* What the exercise asks
Excluding all pictures, please output the listing exactly.

* Available data
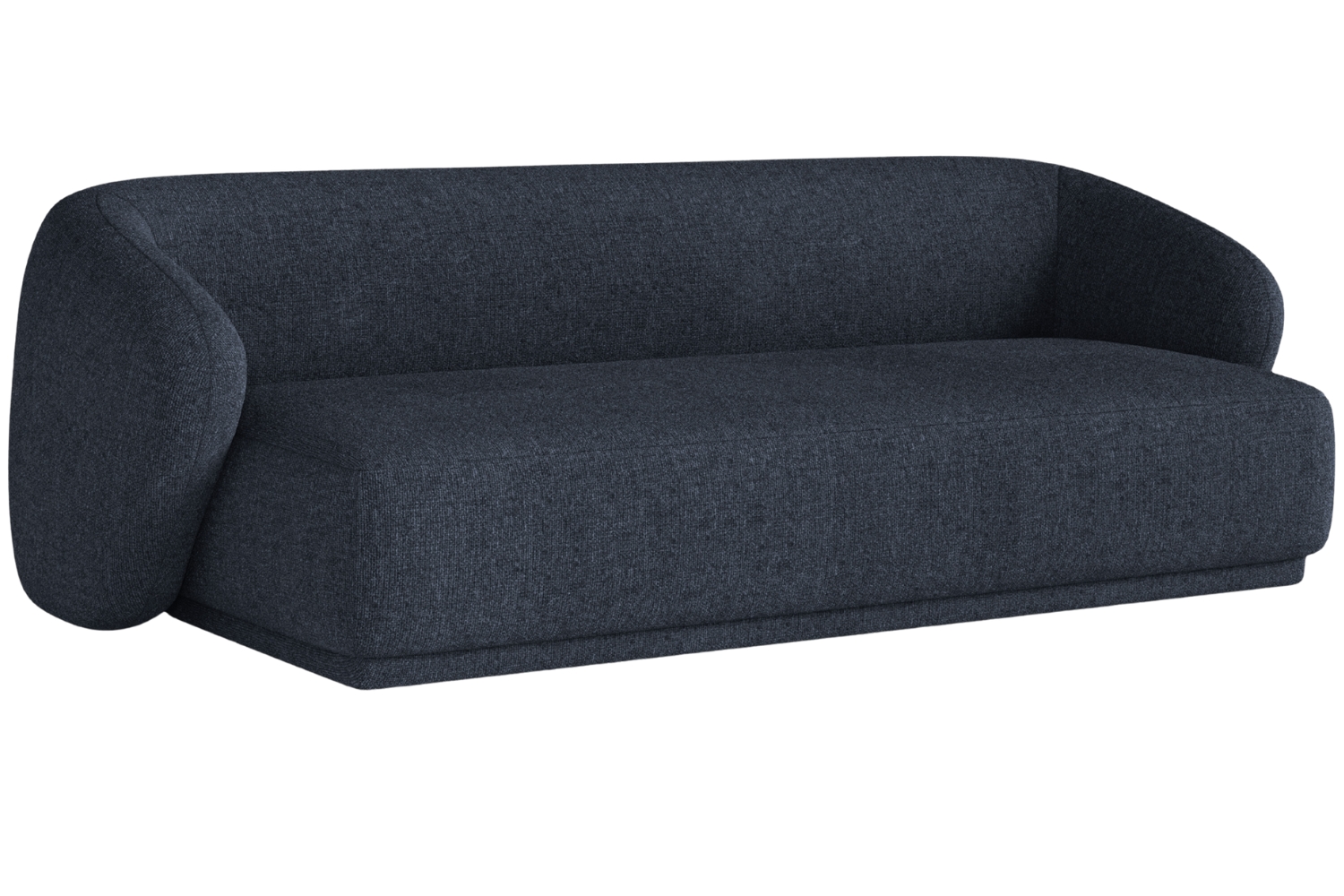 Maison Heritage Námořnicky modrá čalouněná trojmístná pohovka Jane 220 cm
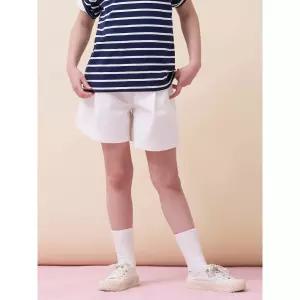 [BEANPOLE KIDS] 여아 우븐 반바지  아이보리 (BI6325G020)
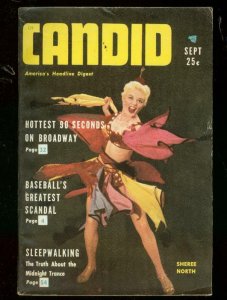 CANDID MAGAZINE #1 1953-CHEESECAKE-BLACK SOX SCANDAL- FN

* Exercise response
 Maison Heritage Námořnicky modrá čalouněná trojmístná pohovka Jane 220 cm
 [BEANPOLE KIDS] 여아 우븐 반바지  아이보리 (BI6325G020)
 CANDID MAGAZINE #1 1953-CHEESECAKE-BLACK SOX SCANDAL- FN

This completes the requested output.